José Ortega y Gasset foi apresentado em uma aula online do minicurso Introdução aos filósofos inovadores: uma compoesia, no dia 20 de maio. Após suas exposições iniciais, os professores José Paulo Teixeira e Margarida I. Almeida Amoedo conversaram e responderam dúvidas dos participantes.

Os principais destaques desse momento da aula encontram-se roteirizados abaixo. Assista ao vídeo e acompanhe o guia para novas leituras do diálogo sobre Ortega y Gasset. Envie comentários e dúvidas para o e-mail acidadefutura@gmail.com

 

Os desafios da educação atual sob a perspectiva do pensamento orteguiano – 1m34seg

Intervenção do público: Os rumos do ensino não estão recuperando ou escutando a necessidade que o Ortega destaca sobre o homem culto e a importância do pensamento humanista. As questões de um pensamento humanista, da fidelidade a si mesmo, da singularidade como resposta ao mundo… estão jogadas fora no processo educacional. E a própria inovação tecnológica não tem contribuído, mas ido, justamente, na direção contrária. 

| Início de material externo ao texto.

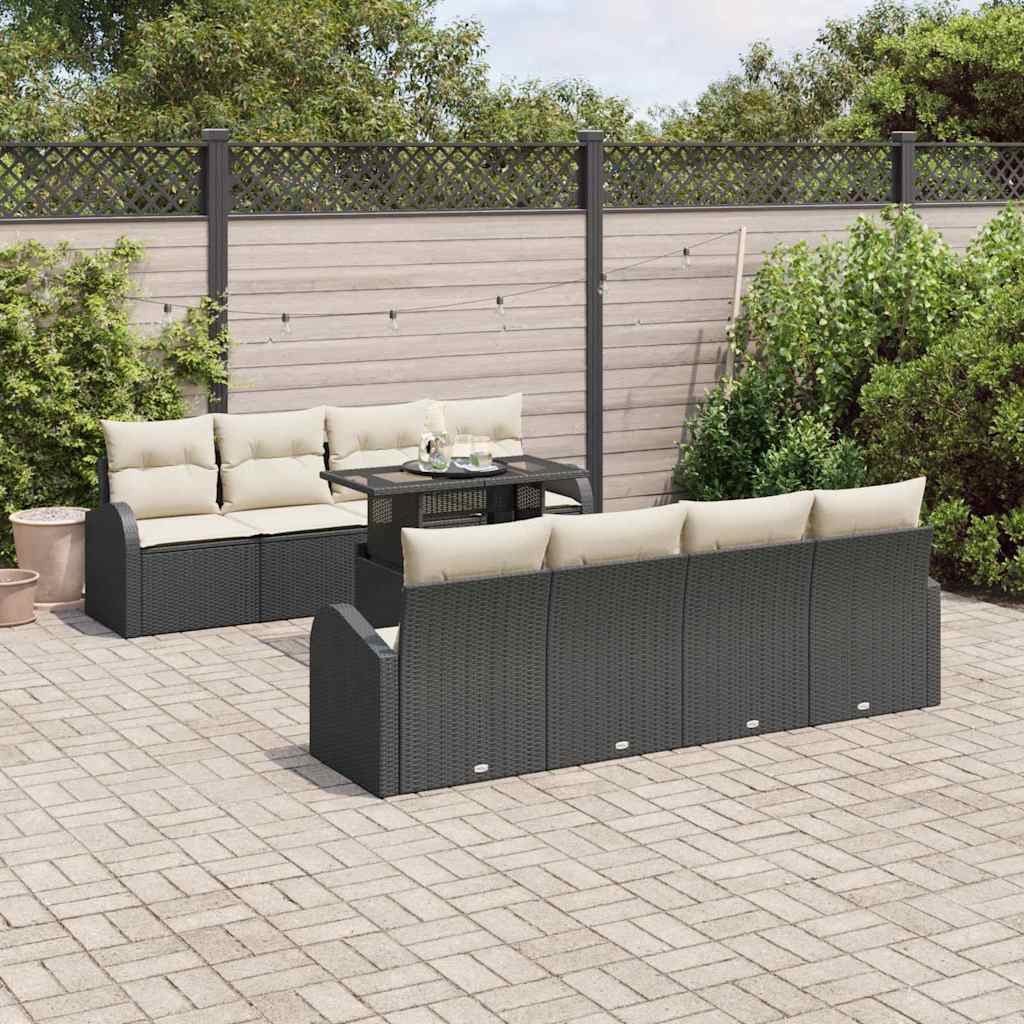Tuin Sofa Set met kussen 7 pcs Zwart Poly riet is nu te koop bij PeponiXL, paradijselijk wonen!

Prof. Margarida Amoedo: Ressalta que, de um modo geral, Ortega, que tem fortemente preocupações de natureza formativa, não é propriamente um pensador do ensino. Se Ortega fosse hoje chamado a apreciar o estado do ensino, no Brasil ou Portugal, certamente seria muito crítico ao identificar uma espécie de modelo único e pensamento uniforme, quase um molde que se impõe nos modos de funcionar da educação escolar. A professora destaca a distinção que quem se dedica à filosofia da educação sempre é forçado a fazer: a diferença entre educação em geral e educação formal, pois há modalidades do cumprimento das grandes finalidades educativas do ser humano que podem e se cumprem fora da escola. A professora aborda a possibilidade do desaparecimento da escola, não advogando nesse sentido necessariamente, mas concebendo que haja, futuramente, alternativas preferíveis à chamada educação formal. Apesar disso a educação jamais poderá dispensar seu esforço pelo cumprimento da preparação indispensável para que o indivíduo leve uma vida própria pela qual é capaz de responder fazendo escolhas que são dele. Mesmo que a escola chegue a uma tal decadência que deixe de  justificar seu tipo de organização atual, alguma educação formal terá que haver como alternativa. A educação é inescapável ao ser humano. É preciso olhar a escola e fazer propostas para que ela deixe funcionamentos desumanos e se transforme de acordo com muitos dos imperativos sublinhados por Ortega. Isso precisa ser constantemente avaliado em uma perspectiva crítica e aprofundada, sem desespero, porque o que não se fizer bem a nível de educação escolar vai ter que ser feito com mais esforço fora da escola, mas ainda com esforço educativo.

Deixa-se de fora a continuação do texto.